U of T Joins University Climate Change Coalition
UC3 aims to dedicate more funding, expertise to research, innovative solutions
Chan Lee STAFF REPORTER
Illustration: Malp / AdobeStock.
Ever since a 2015 agreement with the provincial government of Ontario, the University of Toronto (U of T) has vowed to combat climate change by reducing its carbon footprint and galvanizing people’s support locally, and perhaps even nationally.
U of T is one of 13 North American colleges that are a part of the University Climate Change Coalition, also known as UC3. UC3’s aims are to utilize their resources and allocate more funding on research, as well as to give more expertise to surrounding businesses, cities, and regions on how to implement research-driven climate solutions in their own backyards.
UC3 is a new coalition, comprised of 13 research-driven universities located in Canada, the United States, and Mexico, that will focus on a collaborative model that aims to help communities achieve their climate goals and hasten the process of transitioning to a more eco-friendly environment. Member schools include Arizona State University, California Institute of Technology, Tecnológico de Monterrey, La Universidad Nacional Autónoma de México, Ohio State University, The State University of New York, The University of British Columbia, The University of California, University of Colorado at Boulder, University of Maryland at College Park, The University of New Mexico, The University of Toronto, and The University of Washington.

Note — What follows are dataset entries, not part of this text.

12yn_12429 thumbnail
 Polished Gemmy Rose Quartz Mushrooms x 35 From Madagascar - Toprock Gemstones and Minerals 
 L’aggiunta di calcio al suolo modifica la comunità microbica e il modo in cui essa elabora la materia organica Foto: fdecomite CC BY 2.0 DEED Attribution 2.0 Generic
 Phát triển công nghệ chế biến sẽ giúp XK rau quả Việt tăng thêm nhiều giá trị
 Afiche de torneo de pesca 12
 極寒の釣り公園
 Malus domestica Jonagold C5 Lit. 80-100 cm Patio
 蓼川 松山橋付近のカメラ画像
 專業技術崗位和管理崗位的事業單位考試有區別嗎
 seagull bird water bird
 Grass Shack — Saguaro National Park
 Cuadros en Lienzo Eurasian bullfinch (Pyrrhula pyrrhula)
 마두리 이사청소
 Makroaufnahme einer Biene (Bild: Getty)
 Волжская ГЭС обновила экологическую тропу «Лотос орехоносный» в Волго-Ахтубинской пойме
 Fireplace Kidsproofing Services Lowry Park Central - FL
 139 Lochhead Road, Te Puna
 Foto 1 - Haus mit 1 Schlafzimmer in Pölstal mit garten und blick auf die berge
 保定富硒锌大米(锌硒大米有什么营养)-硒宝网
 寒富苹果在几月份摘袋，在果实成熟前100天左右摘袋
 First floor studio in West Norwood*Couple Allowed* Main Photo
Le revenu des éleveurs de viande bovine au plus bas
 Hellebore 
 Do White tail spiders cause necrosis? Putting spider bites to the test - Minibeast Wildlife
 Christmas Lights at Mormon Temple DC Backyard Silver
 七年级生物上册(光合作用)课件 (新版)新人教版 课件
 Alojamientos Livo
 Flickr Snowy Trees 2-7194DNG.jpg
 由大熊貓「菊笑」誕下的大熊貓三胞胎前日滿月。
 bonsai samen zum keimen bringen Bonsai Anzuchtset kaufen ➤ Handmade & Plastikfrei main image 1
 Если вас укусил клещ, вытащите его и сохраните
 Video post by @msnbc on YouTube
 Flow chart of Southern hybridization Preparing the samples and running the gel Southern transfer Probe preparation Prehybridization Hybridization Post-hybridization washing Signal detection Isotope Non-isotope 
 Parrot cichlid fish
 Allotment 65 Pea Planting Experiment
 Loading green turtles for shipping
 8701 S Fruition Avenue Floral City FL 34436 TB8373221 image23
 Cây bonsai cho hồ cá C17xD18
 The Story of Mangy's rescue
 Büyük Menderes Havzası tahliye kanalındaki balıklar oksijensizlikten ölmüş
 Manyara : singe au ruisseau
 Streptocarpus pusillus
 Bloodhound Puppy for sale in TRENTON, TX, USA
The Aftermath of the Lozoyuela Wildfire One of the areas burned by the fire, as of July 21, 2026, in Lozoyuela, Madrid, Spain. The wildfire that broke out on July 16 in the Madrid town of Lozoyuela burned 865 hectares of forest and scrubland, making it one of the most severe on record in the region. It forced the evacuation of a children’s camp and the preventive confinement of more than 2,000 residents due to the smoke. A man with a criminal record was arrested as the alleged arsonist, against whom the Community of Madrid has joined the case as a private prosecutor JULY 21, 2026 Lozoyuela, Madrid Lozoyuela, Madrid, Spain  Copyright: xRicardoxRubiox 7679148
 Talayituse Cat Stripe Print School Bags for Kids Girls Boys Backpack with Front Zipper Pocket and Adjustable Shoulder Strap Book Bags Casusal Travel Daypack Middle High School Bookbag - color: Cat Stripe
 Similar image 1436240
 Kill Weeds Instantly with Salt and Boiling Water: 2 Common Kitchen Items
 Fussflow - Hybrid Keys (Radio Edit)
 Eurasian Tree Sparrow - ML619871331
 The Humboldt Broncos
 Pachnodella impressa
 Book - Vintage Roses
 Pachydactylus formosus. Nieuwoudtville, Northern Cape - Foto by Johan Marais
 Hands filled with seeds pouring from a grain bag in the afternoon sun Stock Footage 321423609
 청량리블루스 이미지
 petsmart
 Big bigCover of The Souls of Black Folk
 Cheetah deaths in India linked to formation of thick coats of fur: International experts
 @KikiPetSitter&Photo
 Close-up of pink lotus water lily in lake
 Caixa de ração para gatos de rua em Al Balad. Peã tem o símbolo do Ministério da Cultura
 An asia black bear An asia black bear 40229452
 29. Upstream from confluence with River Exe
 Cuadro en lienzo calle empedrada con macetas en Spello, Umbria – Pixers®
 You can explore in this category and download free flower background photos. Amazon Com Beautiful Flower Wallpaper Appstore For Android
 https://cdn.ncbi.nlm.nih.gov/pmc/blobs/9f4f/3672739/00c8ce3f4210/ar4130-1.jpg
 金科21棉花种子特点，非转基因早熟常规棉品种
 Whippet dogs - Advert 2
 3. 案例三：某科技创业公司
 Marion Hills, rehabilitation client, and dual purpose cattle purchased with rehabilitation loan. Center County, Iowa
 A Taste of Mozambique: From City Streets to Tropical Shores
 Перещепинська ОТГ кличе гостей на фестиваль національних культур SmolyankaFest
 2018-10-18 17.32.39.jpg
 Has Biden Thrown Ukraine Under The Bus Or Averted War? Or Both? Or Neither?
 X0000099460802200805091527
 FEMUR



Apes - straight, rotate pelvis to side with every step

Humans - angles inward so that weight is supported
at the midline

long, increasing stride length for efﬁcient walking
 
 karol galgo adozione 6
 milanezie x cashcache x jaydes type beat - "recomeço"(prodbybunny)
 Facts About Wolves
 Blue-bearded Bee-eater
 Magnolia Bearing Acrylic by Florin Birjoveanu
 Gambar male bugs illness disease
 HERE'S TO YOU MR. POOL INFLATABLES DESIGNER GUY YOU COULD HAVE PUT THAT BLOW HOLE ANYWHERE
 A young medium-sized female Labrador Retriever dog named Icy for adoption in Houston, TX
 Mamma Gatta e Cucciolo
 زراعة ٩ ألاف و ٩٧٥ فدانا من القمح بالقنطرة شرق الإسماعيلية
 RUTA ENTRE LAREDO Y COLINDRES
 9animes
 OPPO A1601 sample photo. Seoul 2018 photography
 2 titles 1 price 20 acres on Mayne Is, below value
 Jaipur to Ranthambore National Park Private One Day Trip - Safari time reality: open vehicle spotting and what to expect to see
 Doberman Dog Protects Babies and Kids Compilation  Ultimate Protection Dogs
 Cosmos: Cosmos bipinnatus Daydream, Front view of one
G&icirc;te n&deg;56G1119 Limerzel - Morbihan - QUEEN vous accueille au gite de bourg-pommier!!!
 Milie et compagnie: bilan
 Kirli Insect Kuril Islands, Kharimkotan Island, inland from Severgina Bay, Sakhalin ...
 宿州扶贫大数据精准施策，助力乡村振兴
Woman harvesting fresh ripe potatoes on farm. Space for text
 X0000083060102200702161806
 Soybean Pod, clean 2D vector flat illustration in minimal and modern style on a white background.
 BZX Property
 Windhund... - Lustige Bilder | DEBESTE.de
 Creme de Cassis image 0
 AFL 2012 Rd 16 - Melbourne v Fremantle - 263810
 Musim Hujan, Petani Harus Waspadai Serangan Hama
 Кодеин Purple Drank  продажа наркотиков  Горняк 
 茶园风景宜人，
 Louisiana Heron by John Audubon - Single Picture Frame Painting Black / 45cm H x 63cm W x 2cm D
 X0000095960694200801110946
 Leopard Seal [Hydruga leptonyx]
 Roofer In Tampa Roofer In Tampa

One of the agreements made in 2015 was to reduce carbon emissions by 37 percent from 1990 levels by the year 2030. Additionally, U of T is also developing an engaging program for the Toronto population about the importance of sustainability in their own communities.
Recently, U of T has made significant progress in decreasing carbon emissions across its three campuses. For example, it has reduced its electrical and water usage through sustainability initiatives — even though there was a 26 percent increase in floor space and an increase of 18 percent increase in the number of students. U of T reduced its carbon footprint by 32 percent during the periods 2008 and 2016.
Surprisingly, the university has also concluded that 20 percent — which is more than 1,500 courses all together — contain significant content of sustainability. And in 2017, U of T was named one of Canada’s greenest employers for the fourth time.
“U of T has done a lot,” reflects U of T’s Presidential Adviser on climate change and sustainability and an Environmental professor John Robinson. “There have been very significant accomplishments, but the larger challenge is massive — to get the world off carbon. And the university sector has to do its bit.”
Clearly, major research universities have a pivotal role in combating climate change, and their impacts on society and on the environment are immensely beneficial. It comes as no surprise that U of T is also known as U of Trees.